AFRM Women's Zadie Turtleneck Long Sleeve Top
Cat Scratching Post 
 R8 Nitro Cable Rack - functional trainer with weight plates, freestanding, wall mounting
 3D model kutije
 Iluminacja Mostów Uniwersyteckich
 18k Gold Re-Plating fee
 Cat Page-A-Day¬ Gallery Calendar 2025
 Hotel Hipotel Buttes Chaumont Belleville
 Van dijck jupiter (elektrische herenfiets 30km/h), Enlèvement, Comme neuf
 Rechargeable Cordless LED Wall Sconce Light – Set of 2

....................

- What you will do
Everything in the listing above should be printed again exactly.

- Written solution
AFRM Women's Zadie Turtleneck Long Sleeve Top
Cat Scratching Post 
 R8 Nitro Cable Rack - functional trainer with weight plates, freestanding, wall mounting
 3D model kutije
 Iluminacja Mostów Uniwersyteckich
 18k Gold Re-Plating fee
 Cat Page-A-Day¬ Gallery Calendar 2025
 Hotel Hipotel Buttes Chaumont Belleville
 Van dijck jupiter (elektrische herenfiets 30km/h), Enlèvement, Comme neuf
 Rechargeable Cordless LED Wall Sconce Light – Set of 2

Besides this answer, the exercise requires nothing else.